Abstract

The kinetics of growth of silicon dioxide films in mixtures of water vapor, oxygen, and argon have been studied in the range of water partial pressures from 4.6 to 355 Torr and the temperature range 850° to 1217°C. A combined linear‐parabolic law of growth adequately represents the data over the complete region of temperatures and partial pressures studied. In the absence of oxygen, the linear and parabolic growth constants have first order dependence on the water vapor pressure at low pressures. In the case of the parabolic constant a saturation effect is evidenced by strong negative deviations from the first order law at higher water vapor pressures. This deviation is explained in terms of an adsorption isotherm at the oxide surface. The adsorption calculated from the growth behavior accurately fits the Langmuir adsorption isotherm. The apparent activation enthalpies of the parabolic and linear rate constants are 1.1 ev and approximately 3.3 ev, respectively, over the region of linear dependence upon the water vapor pressure.
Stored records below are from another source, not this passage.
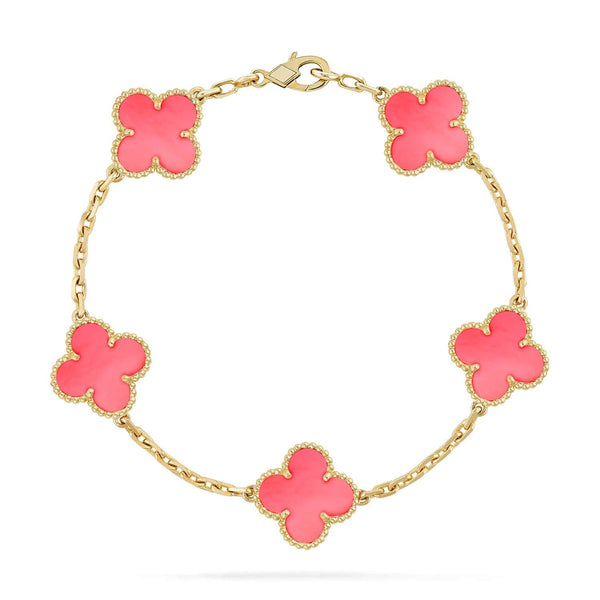 [Marin-Jewelry] CLOVER 5 MOTIFS  PINK MOP BRACELET COLLECTION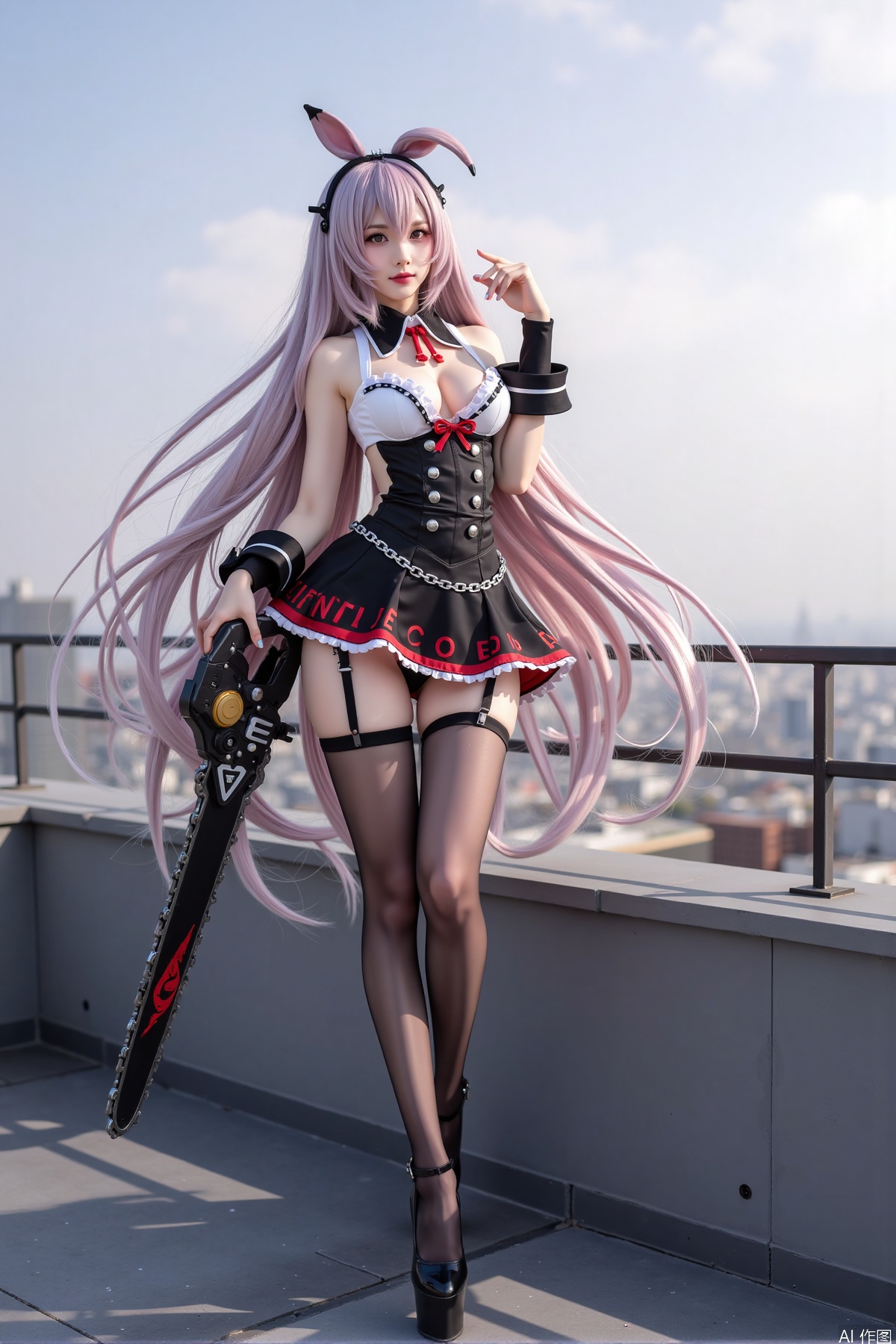 Realistic photo, one young woman, long hair, fair skin, big breasts, cosplay costume, holding a huge chainsaw, stockings, long legs, high heels, full body, standing, on the rooftop of a five-star hotel,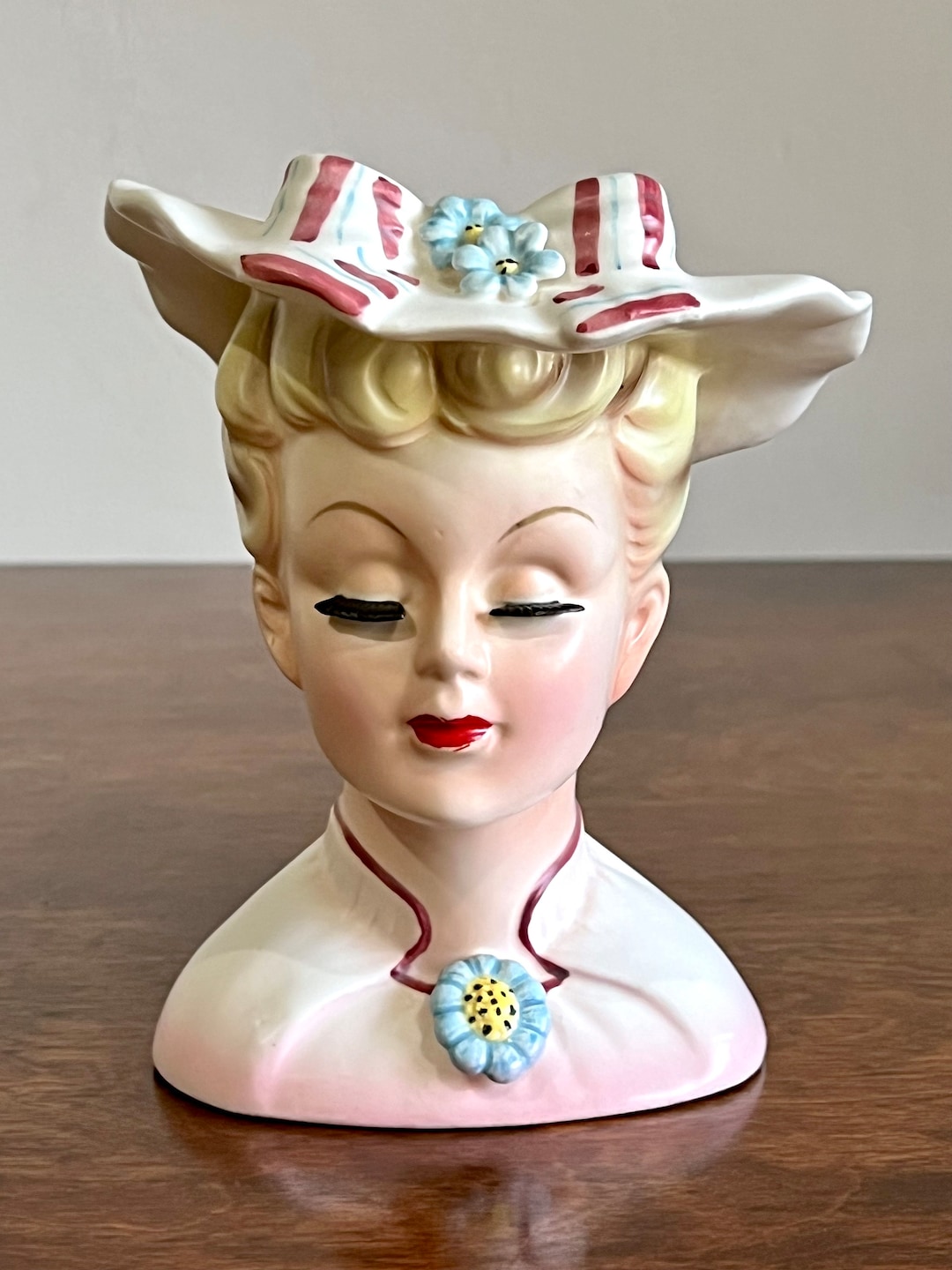 Lefton 1950's Lefton China Lady Head Vase #2358 Blonde Lady With Pink Dress ...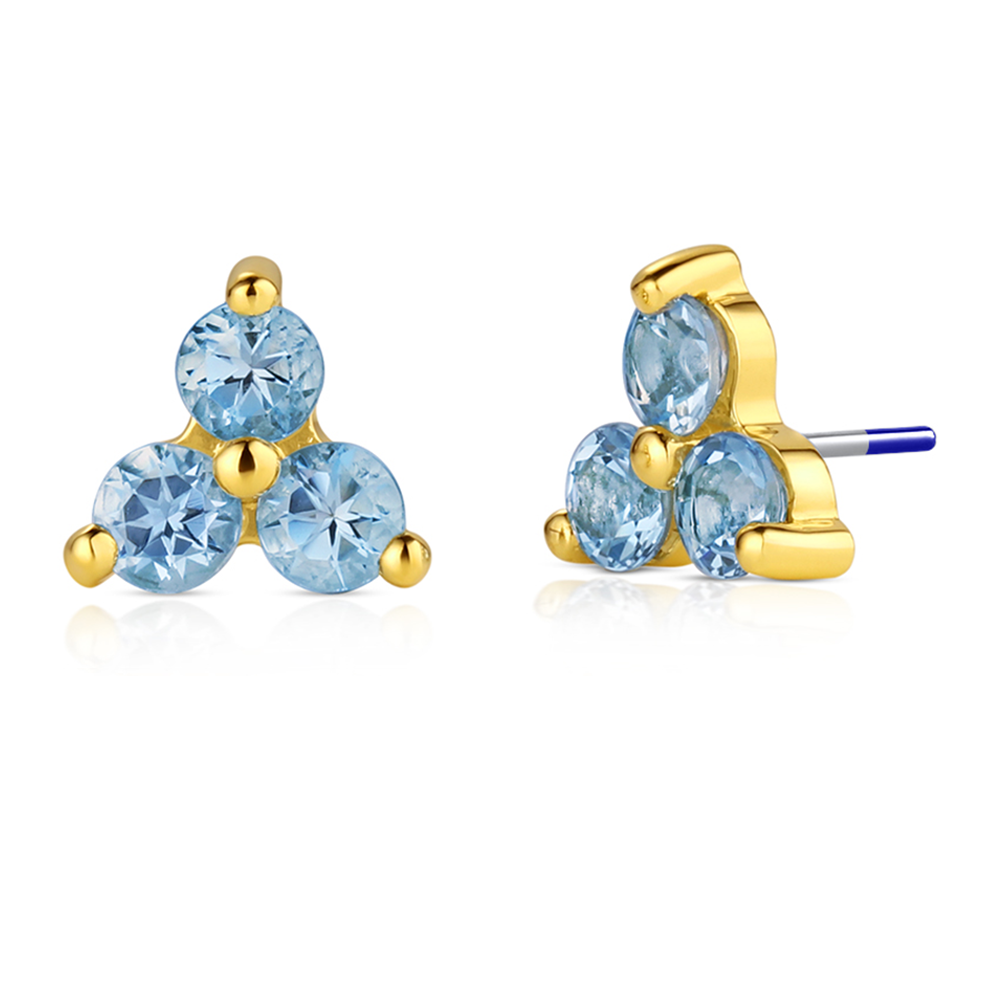 Industrial Strength 18ct Gold Menage a Trois Genuine Gemstone End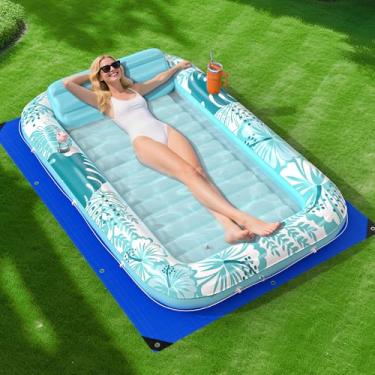 Imagem de Espreguiçadeira inflável para piscina de bronzeamento com tapete de proteção, boia de piscina de 178 cm x 117 cm, adulto com travesseiro, boia de banheira de hidromassagem 6 em 1, para banhos de sol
The enthalpy change calculated from the temperature dependence of the Langmuir adsorption isotherm is near zero. The measured enthalpies correspond to a superposition of the enthalpies of adsorption, desorption, generation of active sites for adsorption, and diffusion through the oxide film. The data do not enable the resolution of these several enthalpies. In the mixed water, oxygen argon ambient, the effect of introducing small vapor pressures of water at fixed oxygen partial pressure is to catalyze that part of the total growth rate due to the presence of oxygen. Higher vapor pressures of water repress the oxygen contribution to the growth rate at 850°. The latter effect was not observed at 1000°C over the partial pressure range investigated.